After three days at the International Positive Education Festival, attendees could not help but to feel renewed. First, Angela Duckworth, founder and scientific director of the Character Lab, spoke about grit being a greater predictor of success and well-being than IQ (“talent counts; effort counts twice”). Later that day, Martin Seligman, known as the Father of Positive Psychology, spoke about the history of the movement and the research revealing its tie to Positive Education.
Next, Sir Anthony Seldon entered while dancing to a video played of him singing Pharrell Williams’ Happy song, promptly showed us all how to do a headstand, and made a point of letting us know that what brought him out of his own three-year depression was finally realizing that happiness was a choice; he could choose to be depressed, or he could choose to be happy with a positive outlook. Following that theme, David Cooperrider, co-creator and creative thought leader of Appreciative Inquiry, spoke about uniting the Positive Psychology of Human Strengths with the best that education has to offer.
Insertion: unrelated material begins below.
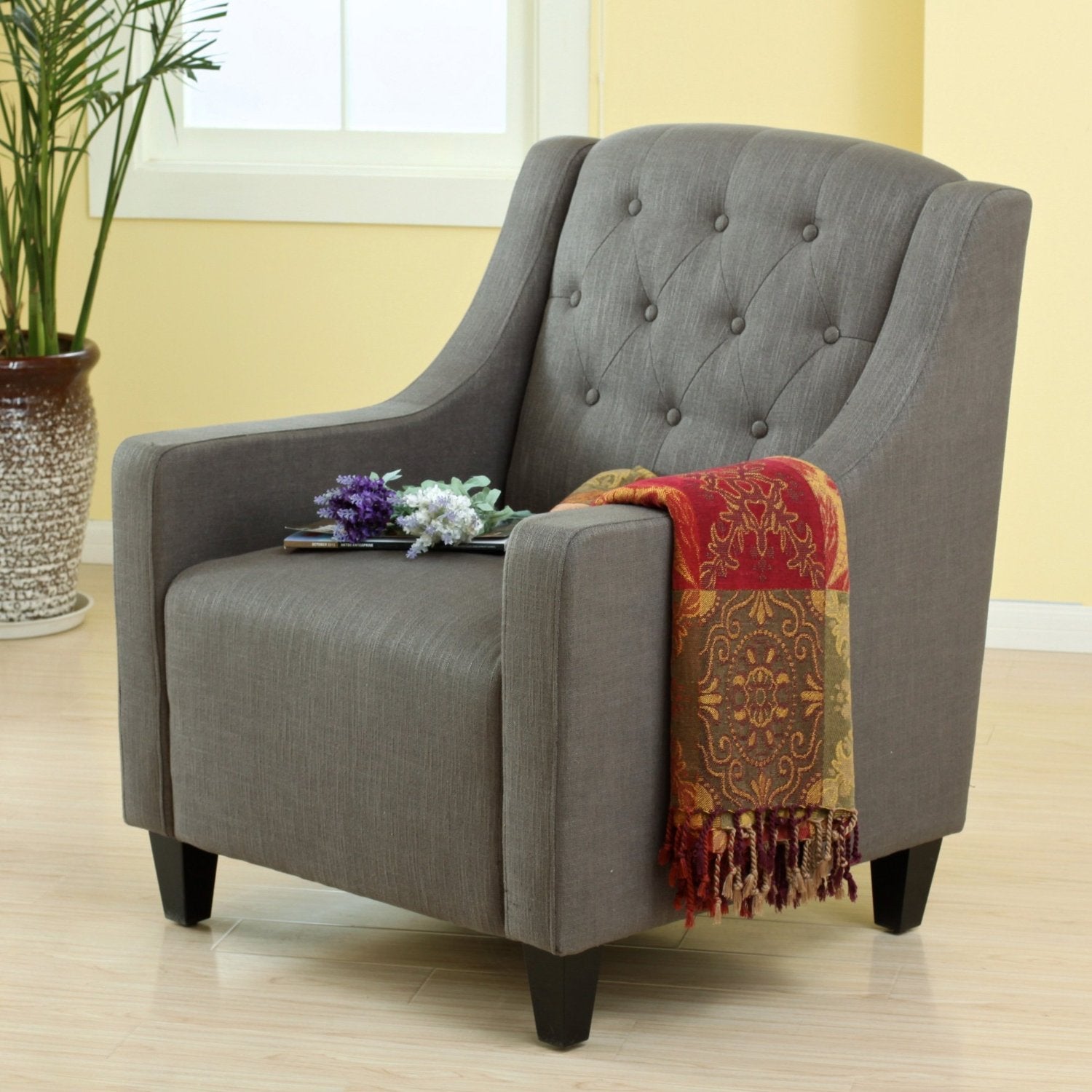 Canberra Fabric Armchair & Ottoman in Grey Linen 4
Participants also listened to Shawn Achor, whose TED talk has over 11 million views, speak of the advantage we give ourselves when we project happiness, and how our own happiness is spread rapidly and unconsciously from one person to another. And, finally, Michelle Gielan, CBS news anchor turned positive psychology researcher and Founder of the Institute for Applied Positive Research, gave example upon example of how positive psychology has increased sales percentages in businesses around the world.
While these were just facts presented by the more well-known speakers, attendees also learned:
Scientifically supported studies show, without exception, that businesses and schools experience astonishingly greater levels of success when they embrace a positive psychology model and social emotional learning, placing a focus on compassion, kindness, gratitude, mindfulness, emotional intelligence, optimism, and character.
The improvement in businesses or schools are experienced regardless of location, wealth, country, religion, ethnicity, or any other imaginable grouping.
Children who often feel they have little control over their life circumstances quickly grasp the basic brain science, and are excited to learn what they can do, themselves, that will result in them experiencing greater successes more often.
It is more important to be high touch, than high tech. People NEED each other.
While Dr Martin Seligman of the University of Pennsylvania became the Father of Positive Psychology in America, it is countries like Australia and he United Kingdom that have sped past the United States when considering the growth of positive education programs.
All of these facts were amazing to hear, and certainly take much more time to process the greater messages, but, for myself, there were two lessons that reached my heart:
Pick impact over pay or prestige.
Yes, I want to be happy, but I also hope I can play a role in making others happy, as well.
Not enough could possibly be said to encourage others to attend any similar conference at any location around the world; one might simply hope that a person cares enough about his own well-being that he will make it a point to do so.
May we all find our way to our happiest selves.